# What you will do
Write the listing below out again exactly, dropping the images.

# Data provided
BEGIN

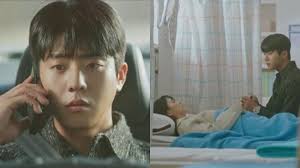 Preview Serendipity's Embrace Episode 4: Konflik Antara Kim So Hyun dan  Chae Jong Hyeop Membuat Situasi Jadi Tidak Nyaman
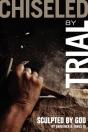 Chiseled By Trial - Preview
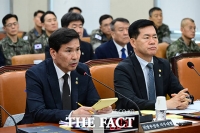  네이버, 김선호 전 국방차관 경영고문 영입…공공·국방 AX 겨냥
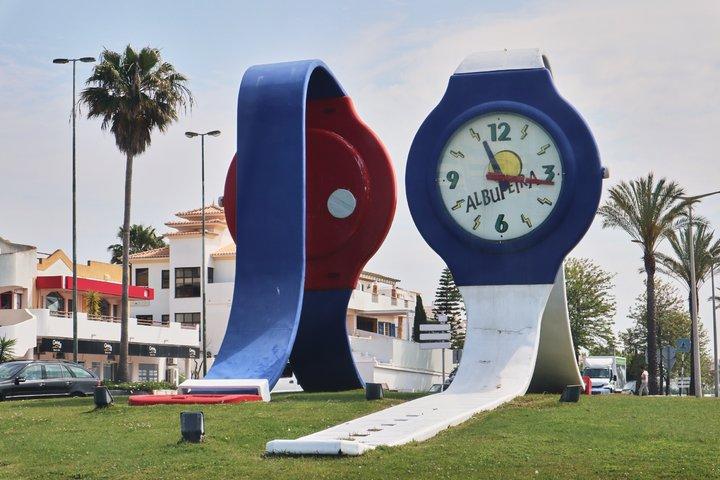 去葡萄牙自驾游需要什么手续,葡萄牙自驾旅游最佳路线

END

# Expected answer
 Preview Serendipity's Embrace Episode 4: Konflik Antara Kim So Hyun dan  Chae Jong Hyeop Membuat Situasi Jadi Tidak Nyaman
 Chiseled By Trial - Preview
  네이버, 김선호 전 국방차관 경영고문 영입…공공·국방 AX 겨냥
 去葡萄牙自驾游需要什么手续,葡萄牙自驾旅游最佳路线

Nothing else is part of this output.